Sacred Journeys – the Magic of Music
By Linda Monsees Stump © 2014
The first Sunday in May saw me making my annual journey to the beautiful Spoutwood Farm near Glen Rock, Pennsylvania. It is part of the Community Supported Agriculture movement and each spring hosts the Spoutwood Farm May Day Fairie Festival. It is a time when the earth is awakening from its long (and in this year’s case – very long!) winter sleep.
For several years my youngest daughter has been making this trip with me. Now that she has moved to Pittsburgh, she was not able to make it this year. So I went alone. Although I missed being able to spend time with my daughter, the atmosphere at Spoutwood is so welcoming that, even if you attend on your own, you aren’t lonely. Driving off the highway back to the farm, a raven swooped down in front of the car in greeting. I spent time with my horse friends and I was able to chat with some artisans whose work I greatly admire. Jane Starr Weils is an amazing faerie artist; Leah Odom, with her husband, Shane, craft incredible mythical leather masks that bring green men and dryads to life. They also make amazing leaf jewelry, hair cups/clips. After taking part in the beautiful and meaningful Earth Healing Ceremony, I was blessed to visit a little with Rob and Lucy Wood, the owners of the farm. Rob and Lucy are such a wonderful, loving couple and they make visitors feel like honored guests. It is a rare gift.
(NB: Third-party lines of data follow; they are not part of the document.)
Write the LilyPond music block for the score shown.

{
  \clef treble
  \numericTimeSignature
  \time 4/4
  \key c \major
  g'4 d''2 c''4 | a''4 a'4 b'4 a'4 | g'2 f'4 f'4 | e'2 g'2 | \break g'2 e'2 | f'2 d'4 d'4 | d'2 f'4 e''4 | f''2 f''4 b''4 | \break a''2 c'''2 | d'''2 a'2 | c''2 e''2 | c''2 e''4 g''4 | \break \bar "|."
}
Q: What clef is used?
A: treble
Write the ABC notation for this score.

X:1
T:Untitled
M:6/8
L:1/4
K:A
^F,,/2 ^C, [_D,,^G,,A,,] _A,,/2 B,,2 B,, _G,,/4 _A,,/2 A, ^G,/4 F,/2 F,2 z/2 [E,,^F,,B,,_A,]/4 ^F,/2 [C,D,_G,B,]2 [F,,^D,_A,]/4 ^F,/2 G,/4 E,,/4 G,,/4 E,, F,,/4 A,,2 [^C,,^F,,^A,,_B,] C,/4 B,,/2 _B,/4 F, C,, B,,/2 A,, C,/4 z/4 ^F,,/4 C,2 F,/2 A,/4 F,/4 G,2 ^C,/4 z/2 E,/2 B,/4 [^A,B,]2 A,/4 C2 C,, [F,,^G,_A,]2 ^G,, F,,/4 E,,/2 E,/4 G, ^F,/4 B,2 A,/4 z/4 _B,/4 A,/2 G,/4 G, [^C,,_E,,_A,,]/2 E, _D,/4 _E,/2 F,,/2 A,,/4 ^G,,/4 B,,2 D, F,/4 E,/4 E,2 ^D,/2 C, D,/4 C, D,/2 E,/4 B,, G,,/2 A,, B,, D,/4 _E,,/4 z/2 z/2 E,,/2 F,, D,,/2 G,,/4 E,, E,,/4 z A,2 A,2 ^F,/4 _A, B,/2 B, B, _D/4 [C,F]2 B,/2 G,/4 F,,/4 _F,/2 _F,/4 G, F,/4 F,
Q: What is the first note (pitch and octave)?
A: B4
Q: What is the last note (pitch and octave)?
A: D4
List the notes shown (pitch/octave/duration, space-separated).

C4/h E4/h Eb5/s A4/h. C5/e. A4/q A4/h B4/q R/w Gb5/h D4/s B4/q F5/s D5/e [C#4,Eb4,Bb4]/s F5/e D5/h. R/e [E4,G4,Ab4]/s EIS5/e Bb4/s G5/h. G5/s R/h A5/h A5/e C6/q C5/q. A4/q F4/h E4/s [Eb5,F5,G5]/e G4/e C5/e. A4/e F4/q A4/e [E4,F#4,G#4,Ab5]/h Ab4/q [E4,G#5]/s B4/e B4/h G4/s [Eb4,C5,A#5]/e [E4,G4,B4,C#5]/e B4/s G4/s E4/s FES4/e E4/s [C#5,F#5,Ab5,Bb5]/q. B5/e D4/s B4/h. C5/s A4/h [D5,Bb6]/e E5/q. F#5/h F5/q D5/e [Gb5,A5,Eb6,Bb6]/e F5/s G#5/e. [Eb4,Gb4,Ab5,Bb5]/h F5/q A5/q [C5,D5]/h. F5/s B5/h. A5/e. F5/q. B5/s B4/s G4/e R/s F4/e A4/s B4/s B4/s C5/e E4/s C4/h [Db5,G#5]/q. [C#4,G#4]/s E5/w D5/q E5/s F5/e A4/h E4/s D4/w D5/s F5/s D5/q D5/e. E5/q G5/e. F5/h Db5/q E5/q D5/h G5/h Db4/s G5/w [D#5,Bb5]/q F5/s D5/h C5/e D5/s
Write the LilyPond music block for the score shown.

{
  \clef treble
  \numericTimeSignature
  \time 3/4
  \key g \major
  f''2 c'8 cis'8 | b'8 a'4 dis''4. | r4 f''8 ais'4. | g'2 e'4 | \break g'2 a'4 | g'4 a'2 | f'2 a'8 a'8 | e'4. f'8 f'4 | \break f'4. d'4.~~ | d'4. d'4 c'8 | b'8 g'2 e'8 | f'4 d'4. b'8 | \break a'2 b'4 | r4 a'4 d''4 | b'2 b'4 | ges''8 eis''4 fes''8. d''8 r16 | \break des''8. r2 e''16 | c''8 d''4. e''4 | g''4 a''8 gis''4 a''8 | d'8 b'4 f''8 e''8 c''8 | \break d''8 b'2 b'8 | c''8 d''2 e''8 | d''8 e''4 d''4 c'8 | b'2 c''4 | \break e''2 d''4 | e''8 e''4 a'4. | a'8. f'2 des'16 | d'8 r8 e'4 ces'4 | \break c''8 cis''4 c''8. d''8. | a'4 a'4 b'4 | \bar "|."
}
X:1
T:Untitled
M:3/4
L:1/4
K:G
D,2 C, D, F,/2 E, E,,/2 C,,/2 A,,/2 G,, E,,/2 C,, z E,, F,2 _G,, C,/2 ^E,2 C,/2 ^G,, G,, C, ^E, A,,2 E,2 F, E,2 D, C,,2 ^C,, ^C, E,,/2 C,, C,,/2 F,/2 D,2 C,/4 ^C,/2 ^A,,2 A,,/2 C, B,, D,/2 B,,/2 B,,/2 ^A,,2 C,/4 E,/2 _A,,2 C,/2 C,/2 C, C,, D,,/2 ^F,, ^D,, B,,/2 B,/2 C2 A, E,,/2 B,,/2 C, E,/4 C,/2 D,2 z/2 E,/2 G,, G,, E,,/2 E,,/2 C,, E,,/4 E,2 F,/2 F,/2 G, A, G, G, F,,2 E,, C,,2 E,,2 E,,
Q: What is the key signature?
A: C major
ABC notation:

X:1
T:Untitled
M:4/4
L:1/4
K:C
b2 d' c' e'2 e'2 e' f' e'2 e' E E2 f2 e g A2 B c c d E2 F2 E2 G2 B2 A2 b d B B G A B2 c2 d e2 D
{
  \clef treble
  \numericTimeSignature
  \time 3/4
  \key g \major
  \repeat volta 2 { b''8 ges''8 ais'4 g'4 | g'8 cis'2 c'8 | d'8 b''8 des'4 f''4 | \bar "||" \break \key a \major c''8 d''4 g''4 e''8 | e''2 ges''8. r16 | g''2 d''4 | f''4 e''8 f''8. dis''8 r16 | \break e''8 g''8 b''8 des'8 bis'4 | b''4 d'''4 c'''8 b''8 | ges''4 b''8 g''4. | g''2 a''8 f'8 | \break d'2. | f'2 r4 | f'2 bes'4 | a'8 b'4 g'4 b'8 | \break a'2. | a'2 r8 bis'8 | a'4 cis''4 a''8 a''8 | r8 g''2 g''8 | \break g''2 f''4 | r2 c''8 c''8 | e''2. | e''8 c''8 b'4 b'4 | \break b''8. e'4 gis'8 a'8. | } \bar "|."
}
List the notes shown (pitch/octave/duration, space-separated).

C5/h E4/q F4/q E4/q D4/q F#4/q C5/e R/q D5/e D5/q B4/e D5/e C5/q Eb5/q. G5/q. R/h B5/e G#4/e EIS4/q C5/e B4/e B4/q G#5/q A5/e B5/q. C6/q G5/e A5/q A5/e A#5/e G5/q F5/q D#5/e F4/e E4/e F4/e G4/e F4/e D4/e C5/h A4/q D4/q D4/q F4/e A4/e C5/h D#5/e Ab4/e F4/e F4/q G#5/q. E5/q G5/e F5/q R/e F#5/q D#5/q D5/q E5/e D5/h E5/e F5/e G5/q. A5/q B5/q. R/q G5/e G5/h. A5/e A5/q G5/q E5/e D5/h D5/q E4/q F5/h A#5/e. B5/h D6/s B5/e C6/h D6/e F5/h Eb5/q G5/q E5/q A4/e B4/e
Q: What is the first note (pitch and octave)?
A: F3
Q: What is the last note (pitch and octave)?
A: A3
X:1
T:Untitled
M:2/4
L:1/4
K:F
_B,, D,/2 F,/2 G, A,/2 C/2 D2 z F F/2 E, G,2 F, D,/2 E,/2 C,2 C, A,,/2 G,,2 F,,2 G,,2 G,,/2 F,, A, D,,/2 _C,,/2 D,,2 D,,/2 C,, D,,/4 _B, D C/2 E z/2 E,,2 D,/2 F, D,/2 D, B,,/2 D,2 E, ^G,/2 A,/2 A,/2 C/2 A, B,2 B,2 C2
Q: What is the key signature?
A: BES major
I always end up rejuvenated by my visits to Spoutwood. It is a welcome break from my current busy corporate life. My creativity is sparked by the wonderful artists and crafters, even as I yearn for more time in which to follow my muse. At the same time I am grounded and deeply comforted by the connection with the earth, for the ability to walk upon the land rather than concrete.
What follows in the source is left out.